Short web captions:
************

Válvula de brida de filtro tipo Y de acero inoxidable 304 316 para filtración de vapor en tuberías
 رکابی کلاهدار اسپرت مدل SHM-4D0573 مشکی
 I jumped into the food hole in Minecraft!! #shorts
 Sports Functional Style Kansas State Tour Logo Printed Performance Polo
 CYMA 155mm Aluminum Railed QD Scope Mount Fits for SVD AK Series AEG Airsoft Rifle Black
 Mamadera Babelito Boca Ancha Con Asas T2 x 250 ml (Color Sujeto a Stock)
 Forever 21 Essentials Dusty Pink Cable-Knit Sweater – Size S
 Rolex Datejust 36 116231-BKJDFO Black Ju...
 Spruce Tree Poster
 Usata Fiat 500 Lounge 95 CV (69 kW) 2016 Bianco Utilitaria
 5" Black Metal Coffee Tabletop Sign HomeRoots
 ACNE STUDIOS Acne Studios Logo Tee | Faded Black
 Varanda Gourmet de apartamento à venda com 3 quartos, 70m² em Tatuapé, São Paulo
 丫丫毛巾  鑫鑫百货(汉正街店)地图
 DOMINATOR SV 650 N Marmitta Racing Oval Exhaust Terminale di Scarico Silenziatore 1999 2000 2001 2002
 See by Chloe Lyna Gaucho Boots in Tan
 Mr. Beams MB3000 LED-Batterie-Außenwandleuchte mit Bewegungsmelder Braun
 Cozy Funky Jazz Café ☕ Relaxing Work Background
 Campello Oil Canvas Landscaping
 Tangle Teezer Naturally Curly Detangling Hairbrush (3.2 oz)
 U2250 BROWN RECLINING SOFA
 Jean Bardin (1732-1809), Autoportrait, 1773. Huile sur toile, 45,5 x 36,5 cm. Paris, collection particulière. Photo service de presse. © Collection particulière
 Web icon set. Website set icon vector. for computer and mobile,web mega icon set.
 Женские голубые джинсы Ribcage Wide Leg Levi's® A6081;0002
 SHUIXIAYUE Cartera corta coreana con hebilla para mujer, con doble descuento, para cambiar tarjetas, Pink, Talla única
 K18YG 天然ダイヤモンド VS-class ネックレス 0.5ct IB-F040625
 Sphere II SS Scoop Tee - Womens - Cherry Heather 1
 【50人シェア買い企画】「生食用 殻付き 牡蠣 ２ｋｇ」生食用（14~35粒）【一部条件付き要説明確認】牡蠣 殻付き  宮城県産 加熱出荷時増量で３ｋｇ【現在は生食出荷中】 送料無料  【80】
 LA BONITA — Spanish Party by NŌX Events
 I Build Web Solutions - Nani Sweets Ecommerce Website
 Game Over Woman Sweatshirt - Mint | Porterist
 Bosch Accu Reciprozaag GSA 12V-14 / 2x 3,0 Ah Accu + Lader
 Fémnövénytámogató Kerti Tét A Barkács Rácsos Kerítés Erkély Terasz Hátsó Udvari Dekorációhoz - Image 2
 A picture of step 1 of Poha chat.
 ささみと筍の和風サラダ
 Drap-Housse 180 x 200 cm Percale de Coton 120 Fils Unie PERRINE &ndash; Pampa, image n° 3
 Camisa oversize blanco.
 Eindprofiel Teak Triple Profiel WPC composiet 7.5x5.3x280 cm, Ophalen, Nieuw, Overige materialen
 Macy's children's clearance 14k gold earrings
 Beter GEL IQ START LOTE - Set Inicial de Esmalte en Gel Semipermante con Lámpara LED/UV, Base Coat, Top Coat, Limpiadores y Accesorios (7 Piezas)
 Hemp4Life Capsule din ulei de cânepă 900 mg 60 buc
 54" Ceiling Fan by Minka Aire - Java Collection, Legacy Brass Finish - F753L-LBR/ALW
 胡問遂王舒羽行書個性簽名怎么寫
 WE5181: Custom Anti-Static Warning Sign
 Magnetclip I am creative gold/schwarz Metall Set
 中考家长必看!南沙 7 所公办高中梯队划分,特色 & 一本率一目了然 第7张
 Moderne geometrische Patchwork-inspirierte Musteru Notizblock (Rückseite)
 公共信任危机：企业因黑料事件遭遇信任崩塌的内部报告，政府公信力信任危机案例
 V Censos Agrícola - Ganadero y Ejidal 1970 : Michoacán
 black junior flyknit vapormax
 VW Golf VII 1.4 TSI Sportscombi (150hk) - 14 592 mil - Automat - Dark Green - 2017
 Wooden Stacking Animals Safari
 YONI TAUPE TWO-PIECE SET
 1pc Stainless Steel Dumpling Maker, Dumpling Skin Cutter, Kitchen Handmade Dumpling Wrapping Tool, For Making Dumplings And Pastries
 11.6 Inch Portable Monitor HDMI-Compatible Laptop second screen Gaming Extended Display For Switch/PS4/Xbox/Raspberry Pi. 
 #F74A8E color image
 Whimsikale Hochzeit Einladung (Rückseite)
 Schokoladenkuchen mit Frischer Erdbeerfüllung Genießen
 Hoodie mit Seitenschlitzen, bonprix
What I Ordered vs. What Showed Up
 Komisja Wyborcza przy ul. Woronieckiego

************

### Description of the task
Among the records above, repeat exactly the line with "Varanda Gourmet de", the line with "Sphere II SS", and every line in between, and only those.

### Written response
 Varanda Gourmet de apartamento à venda com 3 quartos, 70m² em Tatuapé, São Paulo
 丫丫毛巾  鑫鑫百货(汉正街店)地图
 DOMINATOR SV 650 N Marmitta Racing Oval Exhaust Terminale di Scarico Silenziatore 1999 2000 2001 2002
 See by Chloe Lyna Gaucho Boots in Tan
 Mr. Beams MB3000 LED-Batterie-Außenwandleuchte mit Bewegungsmelder Braun
 Cozy Funky Jazz Café ☕ Relaxing Work Background
 Campello Oil Canvas Landscaping
 Tangle Teezer Naturally Curly Detangling Hairbrush (3.2 oz)
 U2250 BROWN RECLINING SOFA
 Jean Bardin (1732-1809), Autoportrait, 1773. Huile sur toile, 45,5 x 36,5 cm. Paris, collection particulière. Photo service de presse. © Collection particulière
 Web icon set. Website set icon vector. for computer and mobile,web mega icon set.
 Женские голубые джинсы Ribcage Wide Leg Levi's® A6081;0002
 SHUIXIAYUE Cartera corta coreana con hebilla para mujer, con doble descuento, para cambiar tarjetas, Pink, Talla única
 K18YG 天然ダイヤモンド VS-class ネックレス 0.5ct IB-F040625
 Sphere II SS Scoop Tee - Womens - Cherry Heather 1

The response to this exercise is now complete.